[Dataset items]

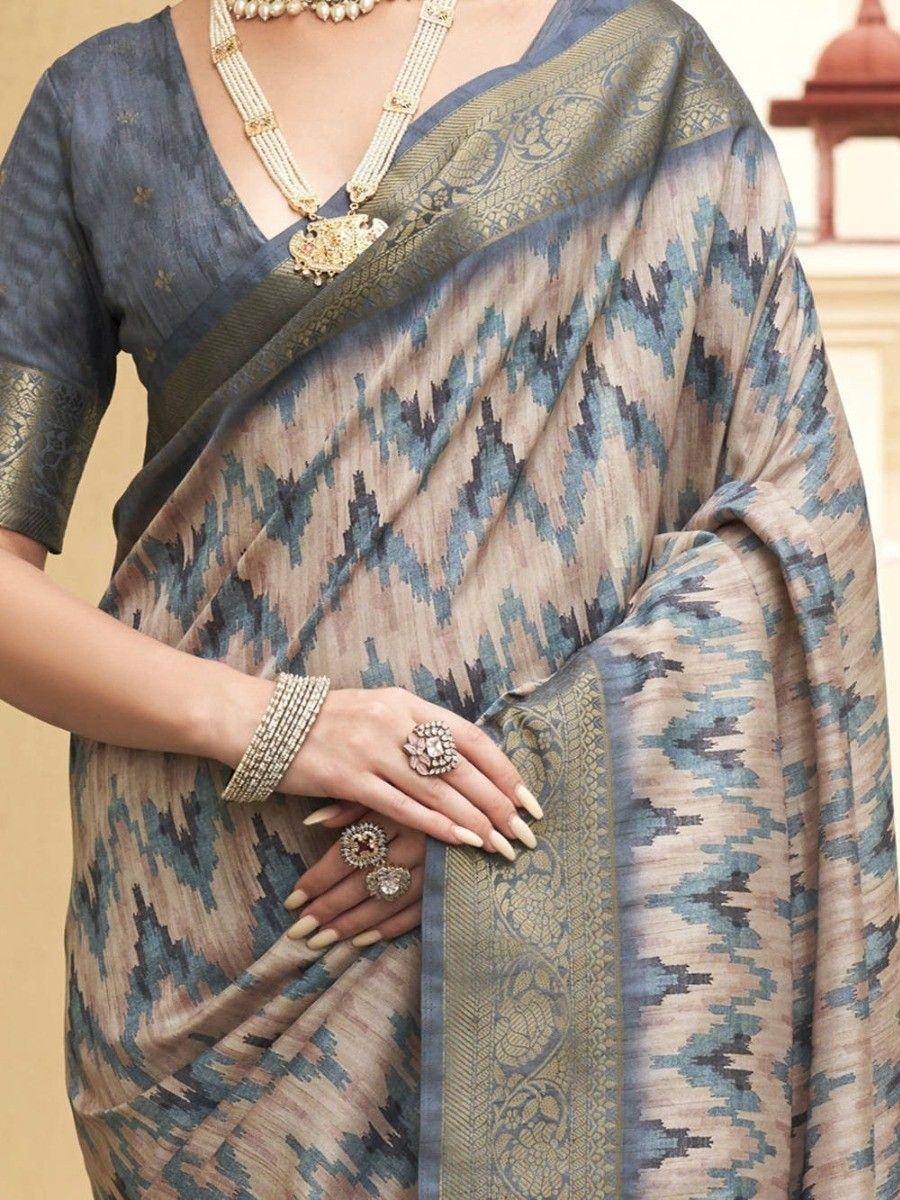 Blue and beige ikat saree with gold border, paired with designer jewelry for ethnic wear
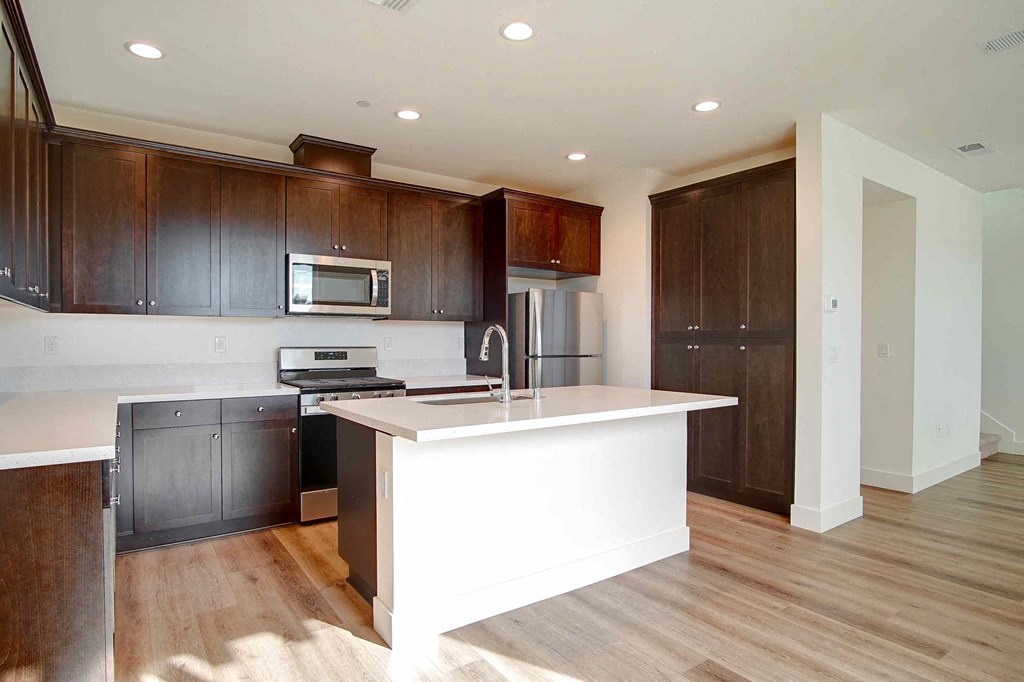 a kitchen with a large white island and dark wood cabinets
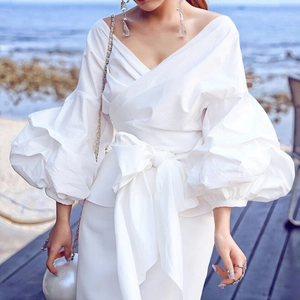 Detail of white wrap shirt with dramatic puff sleeves and large waist bow tie detail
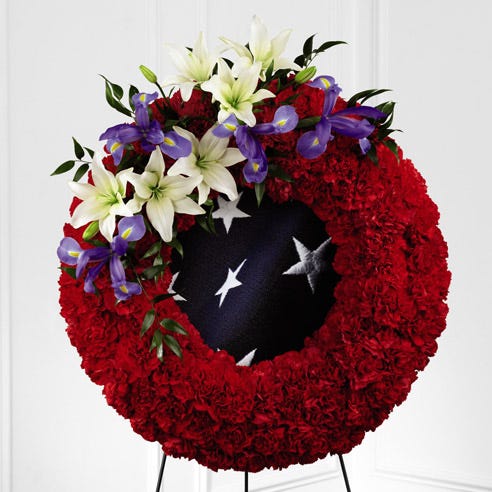 Patriotic Veteran standing spray American flag funeral flowers
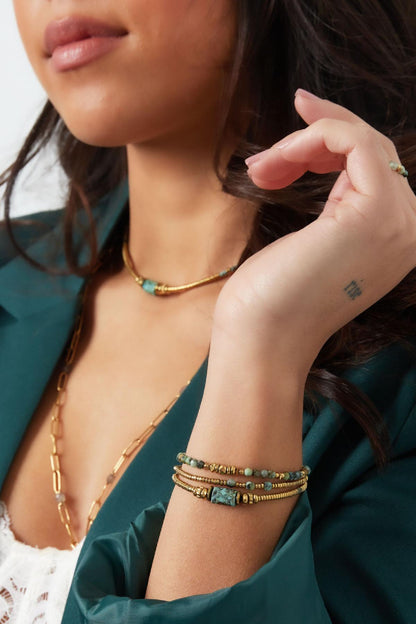 Model met elastische armbanden van goudkleurige en groene kralen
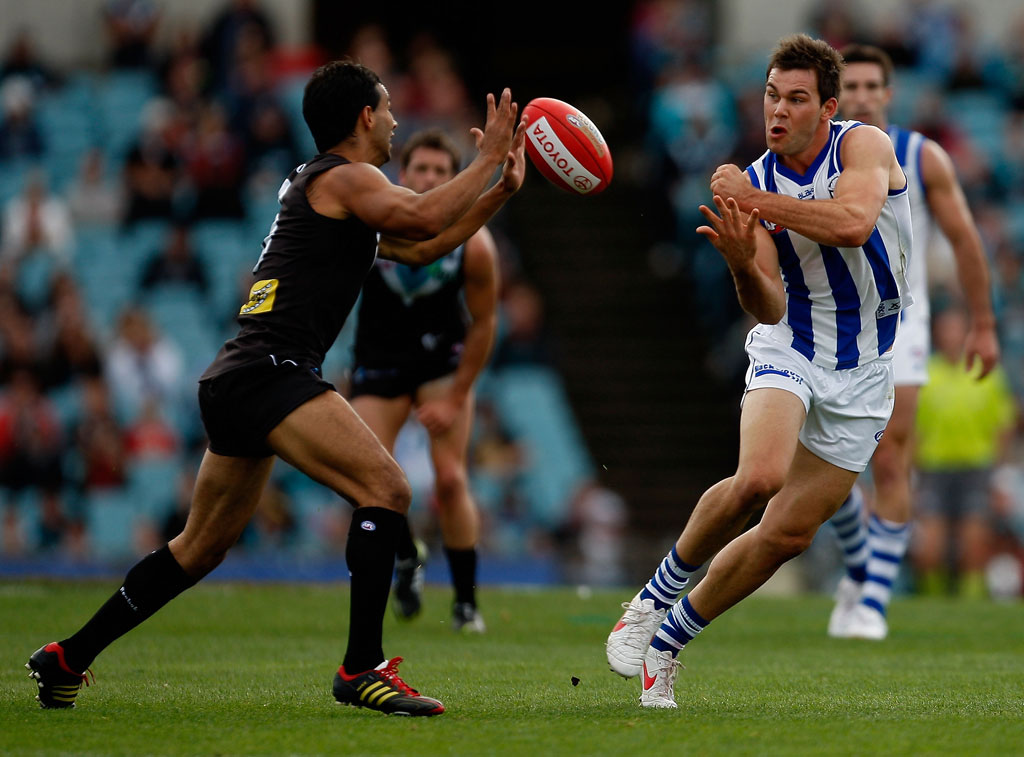Danyle Pearce of the Power blocks while Levi Greenwood of the Kangaroos handpasses during the round eight AFL match between Port Adelaide Power and North Melbourne Kangaroos at AAMI Stadium 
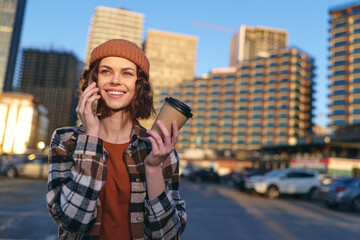 woman with coffee and phone in urban street, smile and candid beanie portrait at golden hour,...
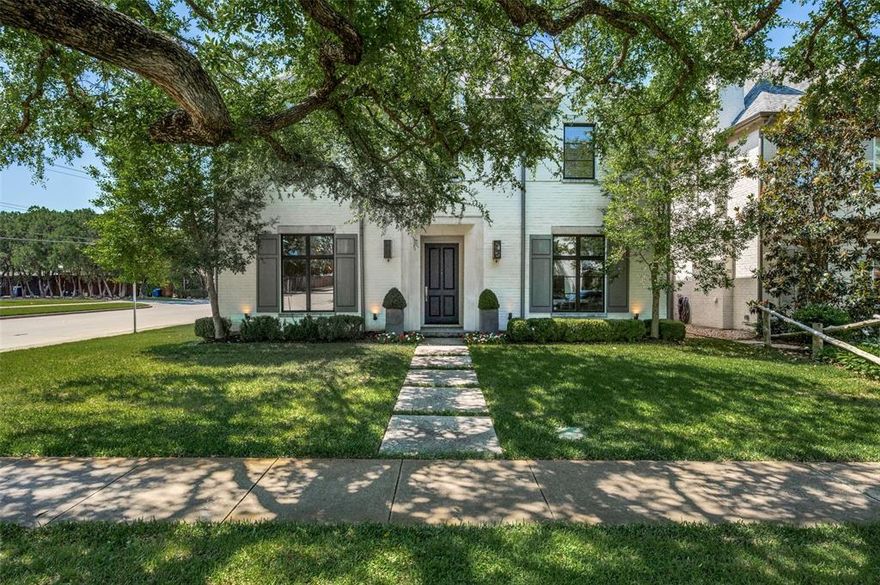 Discover an exceptional opportunity to reside in Dallas' coveted Devonshire neighborhood. This stunning transitional home, situated on a meticulously landscaped corner lot, exudes timeless elegance. Built in 2014, this pristine residence boasts marble countertops, premium Sub-Zero and Wolf appliances, PELLA windows, Bevolo gas lanterns, over 300 sf of versatile bonus space, and exquisite custom moldings throughout. The spacious game room with a bar and a convenient downstairs bedroom and bathroom enhance its appeal. This home offers walkable access to premier shopping and dining. The outdoor living area, complete with a fireplace and built-in grill, ensures year-round enjoyment. With impeccable interior finishes, this home is sure to captivate even the most discerning buyer.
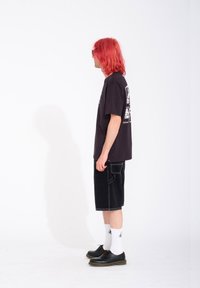 Svart t-shirt med grafisk design, svarta denimshorts, vita strumpor och svarta skor. Modellen står vänd mot vänster mot en vit bakgrund.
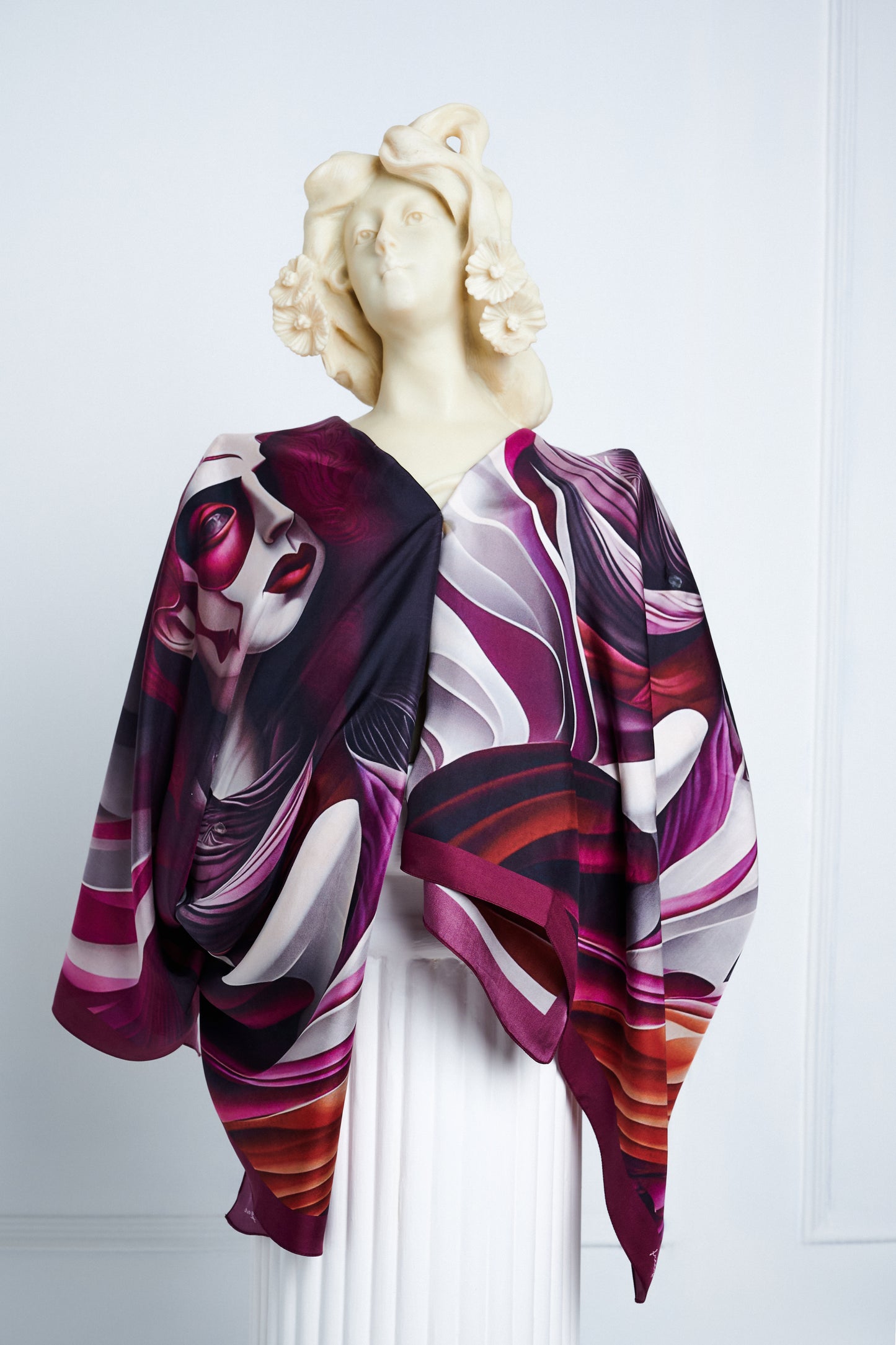 Écorché luxury scarf draped on a classical statue, showcasing its surrealist anatomical details in maroon and white.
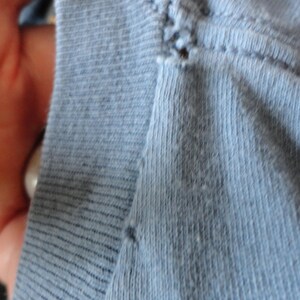 May include: Close-up of light blue fabric, possibly knit or jersey, with visible stitching and texture. The fabric appears soft and slightly worn, with subtle variations in color and a few small imperfections.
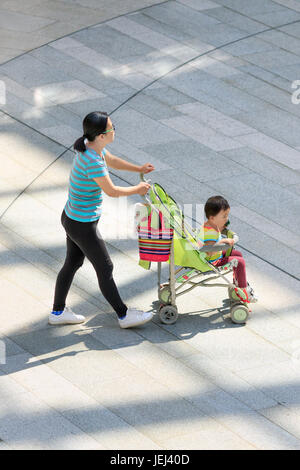 PECHINO-18 MAGGIO 2016. Donna con baby car nel centro commerciale. La Cina è molto preoccupata per l’invecchiamento della popolazione e ha posto fine alla sua politica di un figlio unico. Foto Stock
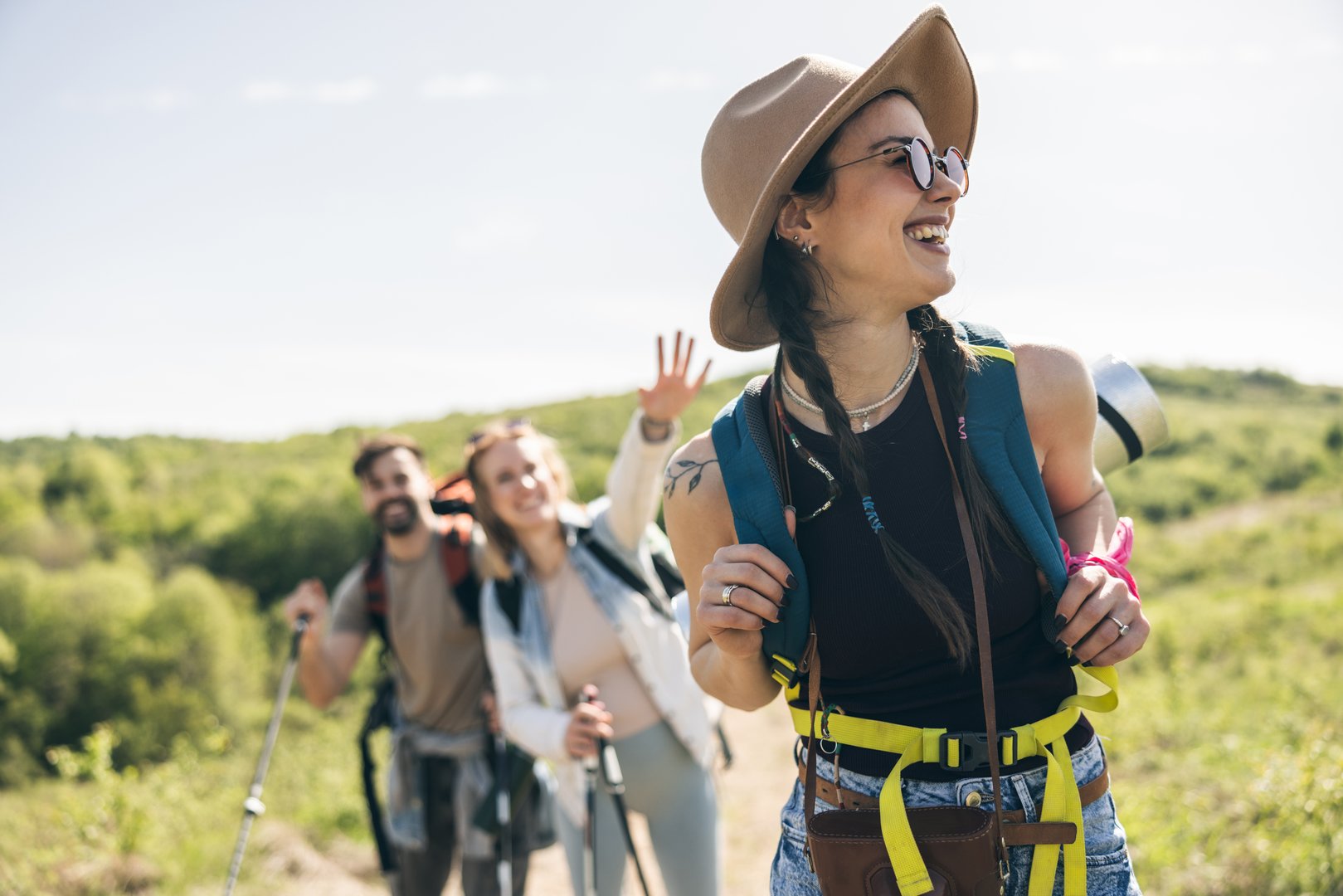 Three cheerful friends enjoying sunny day while walking and hiking in countryside.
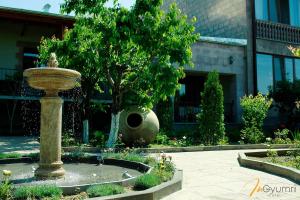 a fountain in front of a building with a tree at In Gyumri in Gyumri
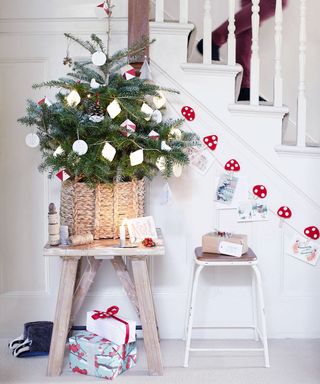 white wall with stairs and decorative mini christmas tree on wooden stool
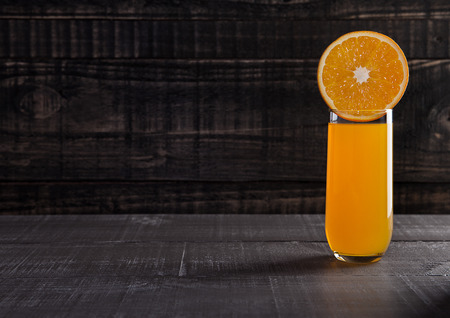 Glass of healthy orange juice with fruit on wooden backgroundの写真素材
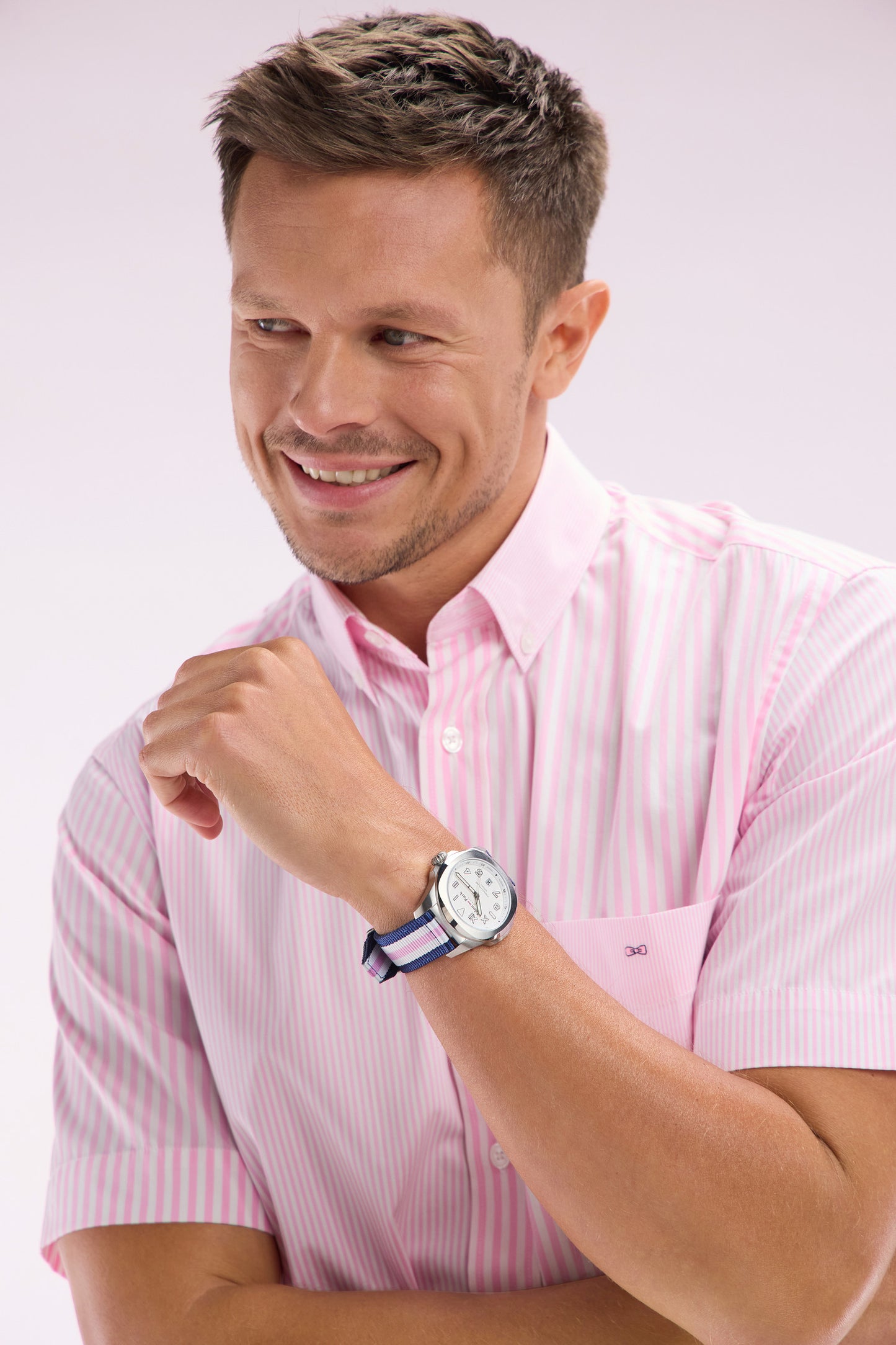 Quartz watch with white background striped NATO strap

### WHAT NEEDS TO BE DONE
Make an exact copy of the lines above, beginning with the line with "Discover an exceptional" and ending with the line with "PECHINO-18 MAGGIO 2016.", and keep the pictures out of it.

### ANSWER BELOW
 Discover an exceptional opportunity to reside in Dallas' coveted Devonshire neighborhood. This stunning transitional home, situated on a meticulously landscaped corner lot, exudes timeless elegance. Built in 2014, this pristine residence boasts marble countertops, premium Sub-Zero and Wolf appliances, PELLA windows, Bevolo gas lanterns, over 300 sf of versatile bonus space, and exquisite custom moldings throughout. The spacious game room with a bar and a convenient downstairs bedroom and bathroom enhance its appeal. This home offers walkable access to premier shopping and dining. The outdoor living area, complete with a fireplace and built-in grill, ensures year-round enjoyment. With impeccable interior finishes, this home is sure to captivate even the most discerning buyer.
 Svart t-shirt med grafisk design, svarta denimshorts, vita strumpor och svarta skor. Modellen står vänd mot vänster mot en vit bakgrund.
 Écorché luxury scarf draped on a classical statue, showcasing its surrealist anatomical details in maroon and white.
 May include: Close-up of light blue fabric, possibly knit or jersey, with visible stitching and texture. The fabric appears soft and slightly worn, with subtle variations in color and a few small imperfections.
 PECHINO-18 MAGGIO 2016. Donna con baby car nel centro commerciale. La Cina è molto preoccupata per l’invecchiamento della popolazione e ha posto fine alla sua politica di un figlio unico. Foto Stock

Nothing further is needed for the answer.